One evening in April 1955 Mrs Susannah Stone, who lives near Tain in Ross and Cromarty in the north of Scotland, was driving a friend home after dinner. It was about 9.30, and although the sun had set it was still light. Just outside the town of Alness, Mrs Stone says that she and her companion spotted a house on fire:

It was a perfectly ordinary house, with a long narrow door in the middle and long windows – quite big, like a farmhouse. It was blazing. Flames were curling out of the windows. I said, ‘My God, what a fire! Poor things!’

We were about a quarter of a mile away and my friend said, ‘Let’s go down and have a closer look.’ It never occurred to me that I’d never seen a house there before.

We went nearer and it wasn’t there.

Mystified, Mrs Stone drove on, but after dropping her friend she returned to the site of the ‘fire’. By now, it was much later: a punctured tyre had delayed her. This time, she walked up the road. She found nothing. ‘No fire, no glow, no ashes, no people, nothing,’ she says. And the next day, when she checked, she discovered that the fire brigade had been called out – but to a blaze in a couple of haystacks thirty miles from Mrs Stone’s mysterious sighting, and in the opposite direction. As far as she can discover, no house of any kind has ever stood on the spot. The experience remains unexplained. It was, says Susannah Stone, ‘very creepy’.

In the late 1940s the Reverend Alfred Byles was Vicar of Yealmpton, South Devon. One Saturday afternoon, while his wife was arranging the altar flowers, he noticed something strange in the churchyard. He wrote later:

In the middle of the path I saw a hole, of irregular shape, about a yard in width. I thought it was subsidence, and went into the church and told my wife about it. Coming out shortly afterwards, I found that the hole was very much larger, and asked my wife to come out and see it. We both looked into it, and I suggested lowering myself into it. However, it was of uncertain depth, and when I threw in a stone it bumped against stonework, which we could see and which looked like part of a wall.

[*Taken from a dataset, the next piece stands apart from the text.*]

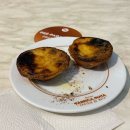 DE052 | [스페인/포르투갈] 6일차, 세비야에서 포르투갈 리스본으로! 해물밥, 체리주 진지냐, 나타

My main concern was to prevent an accident to anyone using the path. I therefore went away to get some planks to cover the hole, which measured about three yards across. In the village street I met Mr Knight, the local builder and undertaker, and asked him to come and see the hole. On arrival there was no sign of the hole. The path and the grass verges were exactly as before, with no sign of disturbance. Mr Knight seemed rather less puzzled than I expected, and said, That’s all right, sir,’ or words to that effect. He never mentioned the incident again.

Mr Byles, on the other hand, was far less phlegmatic. He was mystified, and remained so more than thirty years later. ‘We both of us saw the original hole,’ he said, ‘and we’ve never found an adequate explanation.’

Explanations for ‘phantom scenery’ are indeed hard to establish: optical illusion, hallucination and ‘mislocation’ are some of the weapons in the sceptics’ armoury, while other investigators have tried to explain the phenomenon in terms of ‘retrocognition’, arguing that, for reasons not yet understood, a few rare individuals may briefly be allowed to unlatch a door to the past and peer inside. There are few ideas more beguiling. Lucille Iremonger, author of the definitive work on the ‘Trianon adventure’, expressed its appeal perfectly:

It is the question that has always haunted man – the question that informs the myths and legends of the ancient world, in which Orpheus visits the underworld and the Sibyl foretells the future; the question whether a human mind can experience happenings outside the narrow groove in which it normally runs … whether, in fact, you or I could at any moment step back into the past, or -and this follows – out into the future.

That question has not yet been answered with a decisive yes or no.

Arthur C. Clarke comments:

Since 1966 the Science Fiction Writers of America have issued an annual Nebula Award for the year’s best fiction in all categories. The short story prize for that year went to Richard McKenna’s ‘The Secret Place’.

Unfortunately, McKenna had died two years before at the age of fifty-one having published only six short stories in his lifetime. Like Alex (‘Roots’) Haley, he was a self-made writer who had risen from the ranks in the US Navy by sheer determination. They both deserved success, and they both achieved it – for McKenna’s first and only novel, The Sand Pebbles (1962), was a bestseller and later an excellent film, starring Steve McQueen and featuring a promising young actor named Dickie Attenborough.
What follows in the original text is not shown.